In the years after Douglass’s Irish tour, 1.5 million Irish people would leave this island for the U.S. When they arrived there, yes, it’s true, the Irish did experience ethnic prejudice. “No Irish need apply,” etc. In a short time, however, the Irish were hired in the hundreds into the emerging police forces-in fact, some forces were established to create jobs as a solution to “the Irish problem.”
According to Marilyn S. Johnson, a history professor at Boston College, the Irish presence in the police force was felt as much as their presence in gangs and criminal groups. It was common, notes Johnson, for Irish police to join with Irish mobs against less politically powerful groups such as Jews and African-Americans.
The Irish quickly accepted the invitation to inclusion in authority, the privilege and power that came with being white in the new America.

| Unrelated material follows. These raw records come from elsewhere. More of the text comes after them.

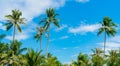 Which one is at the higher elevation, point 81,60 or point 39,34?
point 39,34

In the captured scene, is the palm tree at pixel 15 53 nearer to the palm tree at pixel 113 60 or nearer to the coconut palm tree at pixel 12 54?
the coconut palm tree at pixel 12 54

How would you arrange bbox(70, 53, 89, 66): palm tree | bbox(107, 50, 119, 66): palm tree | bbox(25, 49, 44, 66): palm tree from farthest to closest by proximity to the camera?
bbox(70, 53, 89, 66): palm tree < bbox(107, 50, 119, 66): palm tree < bbox(25, 49, 44, 66): palm tree

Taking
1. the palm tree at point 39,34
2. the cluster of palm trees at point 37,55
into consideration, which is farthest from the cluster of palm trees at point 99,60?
the palm tree at point 39,34

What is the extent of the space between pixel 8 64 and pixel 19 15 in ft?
39.7

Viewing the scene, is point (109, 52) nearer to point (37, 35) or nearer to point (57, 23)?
point (57, 23)

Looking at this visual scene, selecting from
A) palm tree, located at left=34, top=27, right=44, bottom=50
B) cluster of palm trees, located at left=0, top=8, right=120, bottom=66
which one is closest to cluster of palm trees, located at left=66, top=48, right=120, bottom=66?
cluster of palm trees, located at left=0, top=8, right=120, bottom=66

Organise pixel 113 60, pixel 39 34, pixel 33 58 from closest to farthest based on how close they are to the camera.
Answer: pixel 33 58, pixel 113 60, pixel 39 34

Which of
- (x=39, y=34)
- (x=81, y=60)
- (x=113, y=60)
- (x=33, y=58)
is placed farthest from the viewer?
(x=39, y=34)

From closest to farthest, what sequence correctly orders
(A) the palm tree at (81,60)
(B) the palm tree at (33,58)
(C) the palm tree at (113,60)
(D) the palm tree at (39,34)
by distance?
(B) the palm tree at (33,58), (C) the palm tree at (113,60), (A) the palm tree at (81,60), (D) the palm tree at (39,34)

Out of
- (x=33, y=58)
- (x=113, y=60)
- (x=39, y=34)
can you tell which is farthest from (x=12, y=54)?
(x=39, y=34)

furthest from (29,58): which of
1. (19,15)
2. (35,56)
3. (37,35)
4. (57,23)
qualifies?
(37,35)

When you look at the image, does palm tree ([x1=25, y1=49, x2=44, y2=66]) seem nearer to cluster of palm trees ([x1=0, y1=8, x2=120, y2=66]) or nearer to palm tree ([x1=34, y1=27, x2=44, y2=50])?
cluster of palm trees ([x1=0, y1=8, x2=120, y2=66])

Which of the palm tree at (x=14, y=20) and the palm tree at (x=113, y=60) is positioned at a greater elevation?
the palm tree at (x=14, y=20)

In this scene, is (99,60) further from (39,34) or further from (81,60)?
(39,34)
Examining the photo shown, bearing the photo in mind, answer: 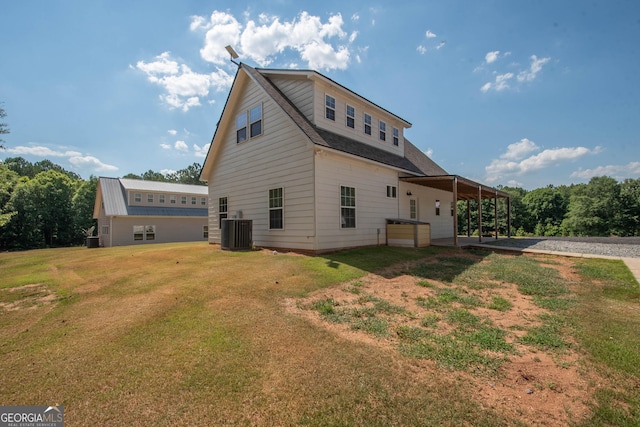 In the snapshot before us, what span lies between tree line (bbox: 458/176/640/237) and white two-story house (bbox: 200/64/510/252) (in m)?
27.6

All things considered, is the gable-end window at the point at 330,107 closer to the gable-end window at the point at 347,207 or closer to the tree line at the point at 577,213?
the gable-end window at the point at 347,207

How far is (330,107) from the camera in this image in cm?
1212

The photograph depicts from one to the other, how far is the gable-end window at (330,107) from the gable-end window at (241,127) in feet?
12.8

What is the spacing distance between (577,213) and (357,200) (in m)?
41.9

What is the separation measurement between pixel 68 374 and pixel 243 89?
12677 mm

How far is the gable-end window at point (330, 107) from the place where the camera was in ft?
39.2

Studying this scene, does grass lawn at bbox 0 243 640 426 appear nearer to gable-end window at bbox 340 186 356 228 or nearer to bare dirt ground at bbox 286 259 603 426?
bare dirt ground at bbox 286 259 603 426

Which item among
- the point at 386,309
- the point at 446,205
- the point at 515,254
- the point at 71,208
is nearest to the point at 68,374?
the point at 386,309

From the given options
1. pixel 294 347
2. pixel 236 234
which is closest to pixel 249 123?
pixel 236 234

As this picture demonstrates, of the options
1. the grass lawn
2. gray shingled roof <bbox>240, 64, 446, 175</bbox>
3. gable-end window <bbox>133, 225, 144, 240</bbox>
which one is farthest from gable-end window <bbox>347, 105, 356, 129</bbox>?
gable-end window <bbox>133, 225, 144, 240</bbox>

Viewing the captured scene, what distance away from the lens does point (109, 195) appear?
25.6 metres

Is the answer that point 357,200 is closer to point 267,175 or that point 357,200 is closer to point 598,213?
point 267,175

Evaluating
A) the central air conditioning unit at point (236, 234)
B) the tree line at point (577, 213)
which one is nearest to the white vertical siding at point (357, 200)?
the central air conditioning unit at point (236, 234)

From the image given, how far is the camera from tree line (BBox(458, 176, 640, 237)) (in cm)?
3484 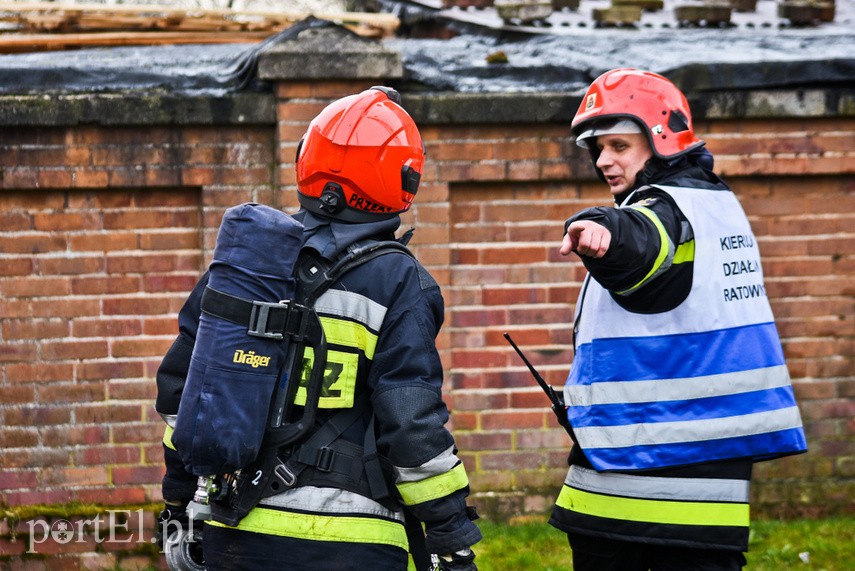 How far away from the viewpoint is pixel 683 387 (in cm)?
323

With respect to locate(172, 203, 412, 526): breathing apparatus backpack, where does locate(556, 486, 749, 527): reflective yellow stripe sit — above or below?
below

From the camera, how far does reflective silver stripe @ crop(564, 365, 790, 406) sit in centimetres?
323

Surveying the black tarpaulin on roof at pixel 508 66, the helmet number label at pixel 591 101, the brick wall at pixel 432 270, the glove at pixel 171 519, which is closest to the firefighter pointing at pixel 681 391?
→ the helmet number label at pixel 591 101

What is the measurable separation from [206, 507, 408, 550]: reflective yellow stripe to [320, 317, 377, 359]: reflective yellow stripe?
0.45 meters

Their role in constructing, developing, and perpetuating institutionalized racial oppression in the 20th and 21st centuries is unequivocal.
I am a first-generation American citizen, born to Irish parents who emigrated to North Carolina in 1989. I attended their naturalization ceremony, watched them raise their hands and pledge allegiance to the flag. Because of Ireland’s relatively lax citizenship laws, I have enjoyed dual-citizenship. I spent my teens in Wicklow, my twenties in New York, and now I am living in Galway.

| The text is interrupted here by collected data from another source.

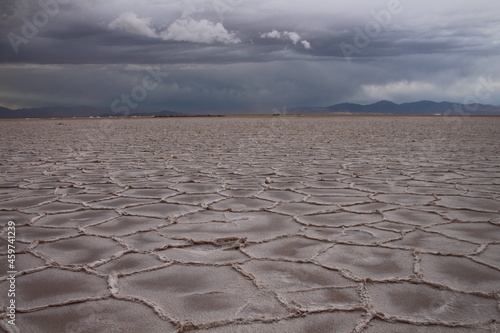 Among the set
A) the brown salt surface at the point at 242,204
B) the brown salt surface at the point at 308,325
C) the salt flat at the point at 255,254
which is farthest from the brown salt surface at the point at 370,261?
the brown salt surface at the point at 242,204

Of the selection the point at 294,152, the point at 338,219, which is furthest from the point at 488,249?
the point at 294,152

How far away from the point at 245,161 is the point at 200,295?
373cm

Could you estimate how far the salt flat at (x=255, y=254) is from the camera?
1380mm

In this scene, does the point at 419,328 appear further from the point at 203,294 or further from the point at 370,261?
the point at 203,294

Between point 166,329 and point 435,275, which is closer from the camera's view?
point 166,329

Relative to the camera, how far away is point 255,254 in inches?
75.0

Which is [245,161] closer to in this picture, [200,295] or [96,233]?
[96,233]

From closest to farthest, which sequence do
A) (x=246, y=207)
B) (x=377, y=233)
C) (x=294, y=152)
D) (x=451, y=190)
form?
(x=377, y=233) → (x=246, y=207) → (x=451, y=190) → (x=294, y=152)

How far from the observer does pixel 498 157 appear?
5.46m

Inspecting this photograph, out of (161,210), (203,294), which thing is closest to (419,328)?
(203,294)

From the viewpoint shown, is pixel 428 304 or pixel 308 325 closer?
pixel 308 325

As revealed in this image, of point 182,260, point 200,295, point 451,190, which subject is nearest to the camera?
point 200,295

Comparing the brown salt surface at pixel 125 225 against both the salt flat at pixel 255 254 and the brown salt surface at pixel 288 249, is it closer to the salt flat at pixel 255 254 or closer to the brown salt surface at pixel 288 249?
the salt flat at pixel 255 254

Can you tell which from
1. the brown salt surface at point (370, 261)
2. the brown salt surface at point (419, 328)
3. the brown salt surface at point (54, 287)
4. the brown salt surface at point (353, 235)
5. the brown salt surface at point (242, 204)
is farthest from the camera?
the brown salt surface at point (242, 204) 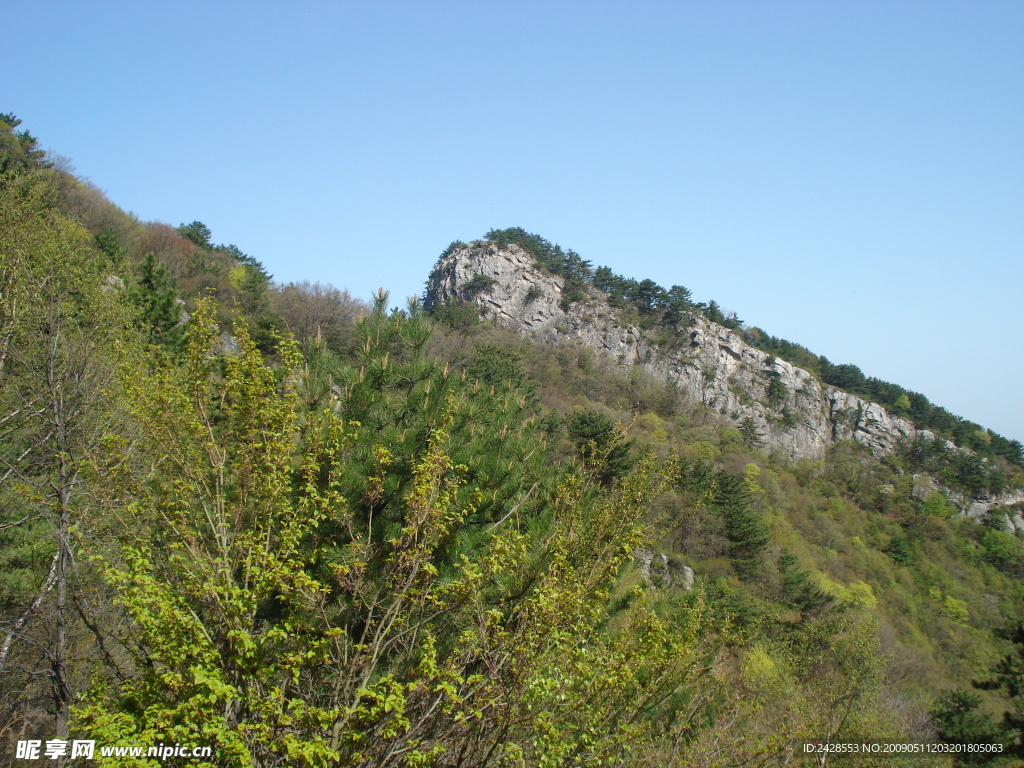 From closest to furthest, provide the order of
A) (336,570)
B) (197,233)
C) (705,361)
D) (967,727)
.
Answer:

I forget that I speak with an American accent and I wonder why people here keep asking me if I am from the States. I sound nothing like my parents, and I look like the white people brunching while the BLM protests rage in New York City.

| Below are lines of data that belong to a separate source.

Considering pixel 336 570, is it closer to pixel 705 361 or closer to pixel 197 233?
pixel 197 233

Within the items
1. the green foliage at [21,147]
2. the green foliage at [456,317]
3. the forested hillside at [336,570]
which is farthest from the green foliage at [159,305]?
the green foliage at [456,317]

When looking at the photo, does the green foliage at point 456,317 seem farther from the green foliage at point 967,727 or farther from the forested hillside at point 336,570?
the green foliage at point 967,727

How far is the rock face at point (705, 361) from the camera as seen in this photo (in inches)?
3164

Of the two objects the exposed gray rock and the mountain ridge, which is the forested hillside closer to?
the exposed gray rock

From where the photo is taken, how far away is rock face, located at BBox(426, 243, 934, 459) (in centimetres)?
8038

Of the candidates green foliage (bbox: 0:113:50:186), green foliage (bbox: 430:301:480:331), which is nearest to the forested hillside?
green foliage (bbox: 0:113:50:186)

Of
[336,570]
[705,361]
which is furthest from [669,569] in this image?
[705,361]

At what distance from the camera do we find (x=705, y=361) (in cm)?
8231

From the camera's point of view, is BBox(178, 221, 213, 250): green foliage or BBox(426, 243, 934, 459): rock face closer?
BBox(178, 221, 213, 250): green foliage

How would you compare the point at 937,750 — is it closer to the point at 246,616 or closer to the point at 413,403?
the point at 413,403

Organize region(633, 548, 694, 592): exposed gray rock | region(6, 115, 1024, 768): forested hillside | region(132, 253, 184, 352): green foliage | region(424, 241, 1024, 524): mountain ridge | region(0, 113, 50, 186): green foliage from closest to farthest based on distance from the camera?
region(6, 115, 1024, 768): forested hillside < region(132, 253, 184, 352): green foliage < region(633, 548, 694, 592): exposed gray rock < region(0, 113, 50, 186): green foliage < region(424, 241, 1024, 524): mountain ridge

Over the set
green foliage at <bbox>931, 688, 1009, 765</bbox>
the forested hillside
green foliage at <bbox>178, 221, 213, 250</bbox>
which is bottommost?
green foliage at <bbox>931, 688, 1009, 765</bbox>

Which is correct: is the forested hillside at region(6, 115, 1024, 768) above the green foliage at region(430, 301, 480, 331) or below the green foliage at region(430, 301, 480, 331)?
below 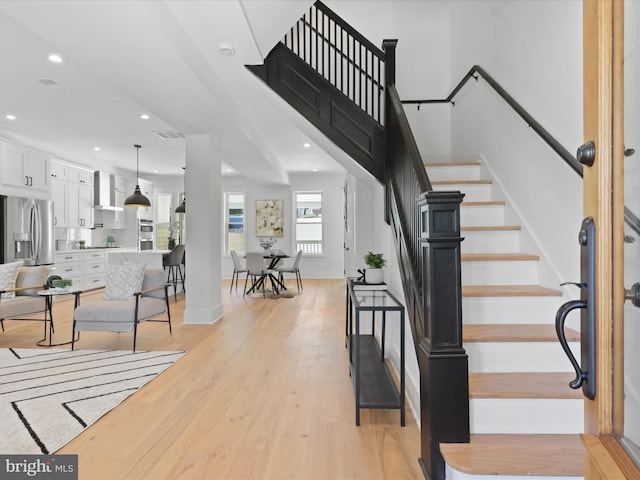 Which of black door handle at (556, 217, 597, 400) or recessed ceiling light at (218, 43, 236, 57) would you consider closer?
black door handle at (556, 217, 597, 400)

I consider myself liberally minded and that’s why I need to check myself. “Most people guard and keep,” wrote James Baldwin, an American writer and activist. “They suppose that it is they themselves and what they identify with themselves that they are guarding and keeping. What they are actually guarding and keeping is their system of reality and what they assume themselves to be.”
In 1973, 10-year-old Clifford Glover was shot in the back and killed by a cop named Thomas Shea in Queens, New York. Shea was acquitted. We’re a lot quicker to point out the Irish contribution to the American railway system than to systemic racial oppression.
The current Black Lives Matter movement is a moment for the Irish and Irish-Americans to acknowledge our legacy in its totality and do penance. To be clear-taking on the blame for the actions of our ancestors and the current diaspora is not the goal. And our call to action isn’t to simply assimilate the BLM protests in the United States; the specific racial dynamics of America are complicated by more than Irish immigration, and racism as it exists here is not based in police brutality.
However, interrogating our legacy is vital because it informs the actions of current generations. The responsibility of conscientious anti-racism is universal, and in an increasingly diverse Ireland, it’s more important than ever.
It can be painful to confront our internalized racism, but we can’t afford not to. Audre Lorde, the American poet and Black activist, offered the questions we should ask ourselves: “How do you reach down into threatening difference without being killed or killing? How do you deal with things you believe, live them not as theory, not even as emotion, but right on the line of action and effect and change?”
Talk to your American cousins about anti-racism. Fill the bail funds in the cities where our diaspora live. Here at home, anti-racism and anti-xenophobic education is crucial. Abolish Direct Provision. If you’re an Irish person who feels the history of our oppressed centuries deeply, if you’re an Irish-American who is proud of our special relationship with the United States, the task is the same: don’t obscure our past, learn from it. More to the point, learn from the present in which the past is still visible.